■ Exercise prompt ■
The lines to reproduce run from the first one below to the line containing "Lithographie par Henri", both included. Reproduce them exactly and nothing else.
--- The input Enclosed Below ---
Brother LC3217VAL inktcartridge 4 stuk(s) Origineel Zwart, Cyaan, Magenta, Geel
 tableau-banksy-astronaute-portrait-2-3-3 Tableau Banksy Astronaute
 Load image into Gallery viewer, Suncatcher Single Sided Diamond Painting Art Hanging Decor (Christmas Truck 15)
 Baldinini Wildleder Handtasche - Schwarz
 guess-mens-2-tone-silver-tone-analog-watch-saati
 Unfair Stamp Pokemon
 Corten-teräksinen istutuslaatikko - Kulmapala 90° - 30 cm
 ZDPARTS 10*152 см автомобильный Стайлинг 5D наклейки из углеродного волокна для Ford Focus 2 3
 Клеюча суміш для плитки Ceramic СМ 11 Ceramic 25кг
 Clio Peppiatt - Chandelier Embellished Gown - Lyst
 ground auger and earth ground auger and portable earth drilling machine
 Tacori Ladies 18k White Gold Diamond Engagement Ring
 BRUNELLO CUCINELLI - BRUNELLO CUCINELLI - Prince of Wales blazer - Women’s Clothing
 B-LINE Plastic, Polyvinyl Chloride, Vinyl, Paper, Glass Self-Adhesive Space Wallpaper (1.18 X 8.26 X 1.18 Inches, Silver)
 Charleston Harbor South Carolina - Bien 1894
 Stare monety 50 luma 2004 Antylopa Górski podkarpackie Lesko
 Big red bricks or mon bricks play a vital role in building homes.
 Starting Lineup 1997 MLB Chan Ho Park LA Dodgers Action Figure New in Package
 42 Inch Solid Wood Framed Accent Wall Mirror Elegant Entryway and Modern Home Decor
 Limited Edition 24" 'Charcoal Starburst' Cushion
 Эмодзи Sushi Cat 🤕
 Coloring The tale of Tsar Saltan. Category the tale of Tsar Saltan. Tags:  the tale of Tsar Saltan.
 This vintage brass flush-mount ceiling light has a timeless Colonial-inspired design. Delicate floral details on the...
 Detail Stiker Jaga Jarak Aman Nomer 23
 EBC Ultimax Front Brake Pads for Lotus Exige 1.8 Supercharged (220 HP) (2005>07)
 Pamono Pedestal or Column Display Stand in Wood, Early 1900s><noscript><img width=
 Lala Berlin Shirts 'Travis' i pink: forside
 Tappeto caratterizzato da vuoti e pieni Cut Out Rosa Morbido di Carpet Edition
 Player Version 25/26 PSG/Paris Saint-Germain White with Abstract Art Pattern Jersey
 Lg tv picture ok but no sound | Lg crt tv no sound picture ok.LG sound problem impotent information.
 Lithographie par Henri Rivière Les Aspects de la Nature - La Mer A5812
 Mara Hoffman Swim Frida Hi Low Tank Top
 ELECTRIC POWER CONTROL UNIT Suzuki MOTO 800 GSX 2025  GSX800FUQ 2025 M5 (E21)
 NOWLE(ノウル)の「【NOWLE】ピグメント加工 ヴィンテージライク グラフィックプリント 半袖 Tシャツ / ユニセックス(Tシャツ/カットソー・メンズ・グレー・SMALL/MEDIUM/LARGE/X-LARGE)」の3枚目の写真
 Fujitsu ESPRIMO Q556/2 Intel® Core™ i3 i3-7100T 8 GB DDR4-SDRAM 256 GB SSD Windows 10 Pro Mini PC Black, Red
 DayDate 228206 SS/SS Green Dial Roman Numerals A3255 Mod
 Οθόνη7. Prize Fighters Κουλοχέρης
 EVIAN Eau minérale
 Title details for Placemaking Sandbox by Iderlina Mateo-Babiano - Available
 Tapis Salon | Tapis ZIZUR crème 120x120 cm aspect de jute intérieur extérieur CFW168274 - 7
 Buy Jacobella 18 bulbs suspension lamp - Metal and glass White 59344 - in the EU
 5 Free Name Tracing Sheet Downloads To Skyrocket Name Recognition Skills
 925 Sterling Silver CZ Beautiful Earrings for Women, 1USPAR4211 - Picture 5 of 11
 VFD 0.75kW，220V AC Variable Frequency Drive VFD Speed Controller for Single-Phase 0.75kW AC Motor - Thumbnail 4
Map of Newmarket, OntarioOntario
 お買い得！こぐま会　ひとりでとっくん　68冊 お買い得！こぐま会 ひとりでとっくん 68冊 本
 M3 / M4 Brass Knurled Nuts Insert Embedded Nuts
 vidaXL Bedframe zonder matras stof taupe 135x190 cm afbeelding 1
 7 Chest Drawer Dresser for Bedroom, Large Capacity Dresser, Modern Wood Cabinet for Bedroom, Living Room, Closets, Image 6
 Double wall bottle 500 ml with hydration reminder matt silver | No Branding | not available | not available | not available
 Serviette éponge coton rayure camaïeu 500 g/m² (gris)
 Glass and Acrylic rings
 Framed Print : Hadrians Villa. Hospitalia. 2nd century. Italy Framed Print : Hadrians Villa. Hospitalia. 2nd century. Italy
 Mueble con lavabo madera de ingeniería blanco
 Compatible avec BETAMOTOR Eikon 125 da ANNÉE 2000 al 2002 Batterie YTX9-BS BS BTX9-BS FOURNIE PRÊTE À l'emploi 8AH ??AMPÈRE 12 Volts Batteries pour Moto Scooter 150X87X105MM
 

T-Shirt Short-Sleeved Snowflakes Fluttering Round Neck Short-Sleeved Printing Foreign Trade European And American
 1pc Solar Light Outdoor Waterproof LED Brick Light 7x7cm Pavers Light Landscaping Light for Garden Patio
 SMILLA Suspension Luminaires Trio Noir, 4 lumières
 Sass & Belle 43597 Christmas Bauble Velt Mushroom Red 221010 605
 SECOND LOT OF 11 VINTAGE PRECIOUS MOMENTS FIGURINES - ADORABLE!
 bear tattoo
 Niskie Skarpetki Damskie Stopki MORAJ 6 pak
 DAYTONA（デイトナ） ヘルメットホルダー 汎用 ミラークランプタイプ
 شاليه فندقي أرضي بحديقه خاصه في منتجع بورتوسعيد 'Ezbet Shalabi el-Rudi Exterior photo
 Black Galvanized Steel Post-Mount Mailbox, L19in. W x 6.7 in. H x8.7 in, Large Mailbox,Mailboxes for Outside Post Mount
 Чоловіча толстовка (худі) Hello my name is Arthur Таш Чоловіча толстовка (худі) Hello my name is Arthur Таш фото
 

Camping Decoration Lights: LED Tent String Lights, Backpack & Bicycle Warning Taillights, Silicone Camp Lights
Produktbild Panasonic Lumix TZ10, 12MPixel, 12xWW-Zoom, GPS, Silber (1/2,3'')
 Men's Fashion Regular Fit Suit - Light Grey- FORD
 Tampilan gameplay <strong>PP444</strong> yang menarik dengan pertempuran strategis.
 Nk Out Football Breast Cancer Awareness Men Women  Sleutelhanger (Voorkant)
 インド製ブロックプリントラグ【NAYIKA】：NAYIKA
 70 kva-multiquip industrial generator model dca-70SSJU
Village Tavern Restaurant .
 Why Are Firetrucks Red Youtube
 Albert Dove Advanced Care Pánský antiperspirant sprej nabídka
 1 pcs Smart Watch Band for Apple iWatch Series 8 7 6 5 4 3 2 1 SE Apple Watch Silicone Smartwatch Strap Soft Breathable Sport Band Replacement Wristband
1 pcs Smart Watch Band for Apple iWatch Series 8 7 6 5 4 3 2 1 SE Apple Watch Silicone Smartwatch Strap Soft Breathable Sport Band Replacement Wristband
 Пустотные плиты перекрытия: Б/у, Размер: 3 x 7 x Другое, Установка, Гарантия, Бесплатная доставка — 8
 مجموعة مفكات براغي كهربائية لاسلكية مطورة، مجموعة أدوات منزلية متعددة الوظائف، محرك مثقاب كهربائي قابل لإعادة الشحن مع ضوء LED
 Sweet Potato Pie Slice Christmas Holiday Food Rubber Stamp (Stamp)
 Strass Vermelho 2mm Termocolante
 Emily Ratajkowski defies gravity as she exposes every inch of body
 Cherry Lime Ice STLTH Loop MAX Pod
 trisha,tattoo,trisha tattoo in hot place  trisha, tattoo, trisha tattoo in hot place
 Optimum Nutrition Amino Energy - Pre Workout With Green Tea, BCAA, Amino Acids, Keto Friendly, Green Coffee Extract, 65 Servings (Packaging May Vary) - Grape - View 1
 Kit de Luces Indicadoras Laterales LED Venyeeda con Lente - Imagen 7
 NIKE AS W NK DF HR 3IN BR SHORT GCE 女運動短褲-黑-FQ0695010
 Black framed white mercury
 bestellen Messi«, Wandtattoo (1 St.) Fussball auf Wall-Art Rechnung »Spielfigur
--- End of Enclosed The input ---
■ Response box ■
Brother LC3217VAL inktcartridge 4 stuk(s) Origineel Zwart, Cyaan, Magenta, Geel
 tableau-banksy-astronaute-portrait-2-3-3 Tableau Banksy Astronaute
 Load image into Gallery viewer, Suncatcher Single Sided Diamond Painting Art Hanging Decor (Christmas Truck 15)
 Baldinini Wildleder Handtasche - Schwarz
 guess-mens-2-tone-silver-tone-analog-watch-saati
 Unfair Stamp Pokemon
 Corten-teräksinen istutuslaatikko - Kulmapala 90° - 30 cm
 ZDPARTS 10*152 см автомобильный Стайлинг 5D наклейки из углеродного волокна для Ford Focus 2 3
 Клеюча суміш для плитки Ceramic СМ 11 Ceramic 25кг
 Clio Peppiatt - Chandelier Embellished Gown - Lyst
 ground auger and earth ground auger and portable earth drilling machine
 Tacori Ladies 18k White Gold Diamond Engagement Ring
 BRUNELLO CUCINELLI - BRUNELLO CUCINELLI - Prince of Wales blazer - Women’s Clothing
 B-LINE Plastic, Polyvinyl Chloride, Vinyl, Paper, Glass Self-Adhesive Space Wallpaper (1.18 X 8.26 X 1.18 Inches, Silver)
 Charleston Harbor South Carolina - Bien 1894
 Stare monety 50 luma 2004 Antylopa Górski podkarpackie Lesko
 Big red bricks or mon bricks play a vital role in building homes.
 Starting Lineup 1997 MLB Chan Ho Park LA Dodgers Action Figure New in Package
 42 Inch Solid Wood Framed Accent Wall Mirror Elegant Entryway and Modern Home Decor
 Limited Edition 24" 'Charcoal Starburst' Cushion
 Эмодзи Sushi Cat 🤕
 Coloring The tale of Tsar Saltan. Category the tale of Tsar Saltan. Tags:  the tale of Tsar Saltan.
 This vintage brass flush-mount ceiling light has a timeless Colonial-inspired design. Delicate floral details on the...
 Detail Stiker Jaga Jarak Aman Nomer 23
 EBC Ultimax Front Brake Pads for Lotus Exige 1.8 Supercharged (220 HP) (2005>07)
 Pamono Pedestal or Column Display Stand in Wood, Early 1900s><noscript><img width=
 Lala Berlin Shirts 'Travis' i pink: forside
 Tappeto caratterizzato da vuoti e pieni Cut Out Rosa Morbido di Carpet Edition
 Player Version 25/26 PSG/Paris Saint-Germain White with Abstract Art Pattern Jersey
 Lg tv picture ok but no sound | Lg crt tv no sound picture ok.LG sound problem impotent information.
 Lithographie par Henri Rivière Les Aspects de la Nature - La Mer A5812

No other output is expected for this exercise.